Orca Mini 13B GGML
Property | Value |
---|---|
License | MIT |
Research Paper | Orca Paper |
Author | TheBloke |
Language | English |
What is orca_mini_13B-GGML?
Orca Mini 13B GGML is a quantized version of the original Orca Mini 13B model, optimized for CPU and GPU inference. It's based on OpenLLaMA-13B and has been trained on explain-tuned datasets from WizardLM, Alpaca, and Dolly-V2, implementing approaches from the Orca research paper.
Implementation Details
The model comes in various quantization formats ranging from 2-bit to 8-bit versions, offering different trade-offs between model size, performance, and accuracy. The implementation supports both traditional llama.cpp quantization methods (q4_0, q4_1, q5_0, etc.) and newer k-quant methods.
- Multiple quantization options from 5.51GB (q2_K) to 13.83GB (q8_0)

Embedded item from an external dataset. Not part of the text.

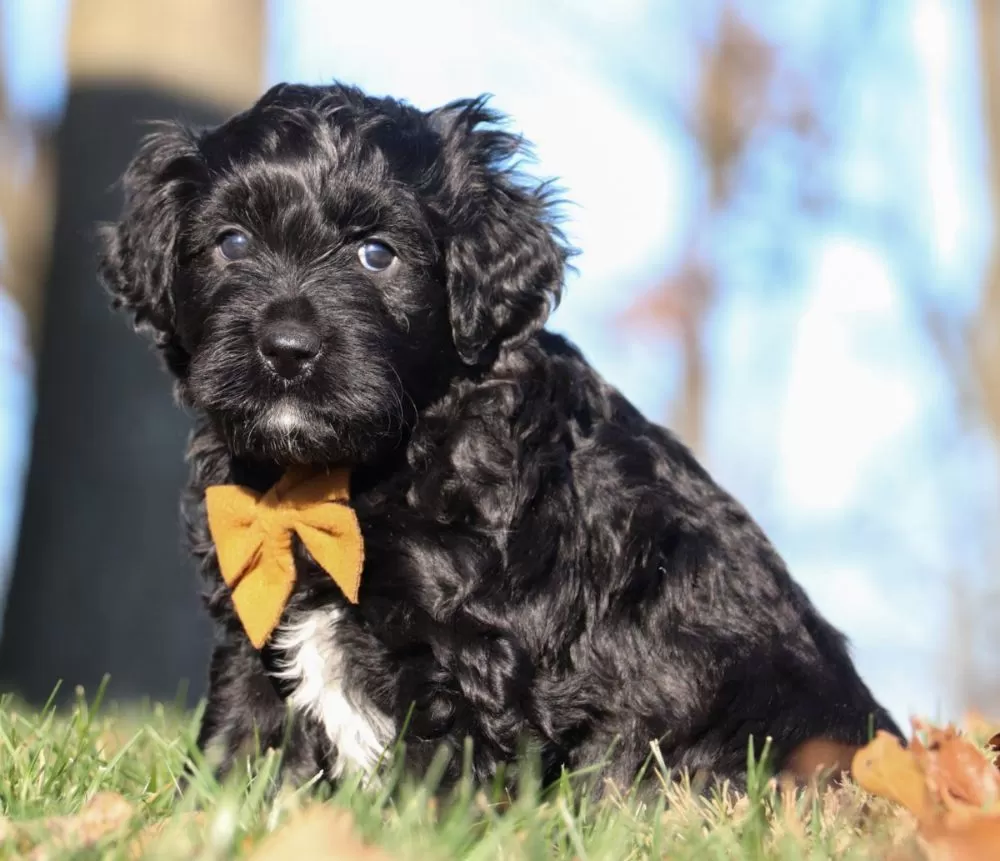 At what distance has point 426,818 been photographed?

- Compatible with llama.cpp and various UI frameworks
- Supports GPU offloading for improved performance
Core Capabilities
- Instruction-following and conversational AI tasks
- Efficient CPU/GPU inference with various quantization options
- Supports context length of 2048 tokens
- Implementation of advanced thought processes learned from GPT-3.5-turbo
Frequently Asked Questions
Q: What makes this model unique?
This model combines the efficiency of GGML quantization with the sophisticated training approach of Orca, making it particularly suitable for local deployment while maintaining good performance characteristics.
Q: What are the recommended use cases?
The model is ideal for users requiring local AI deployment with limited computational resources. It's particularly well-suited for text generation, instruction following, and conversational AI applications where a balance between performance and resource usage is needed.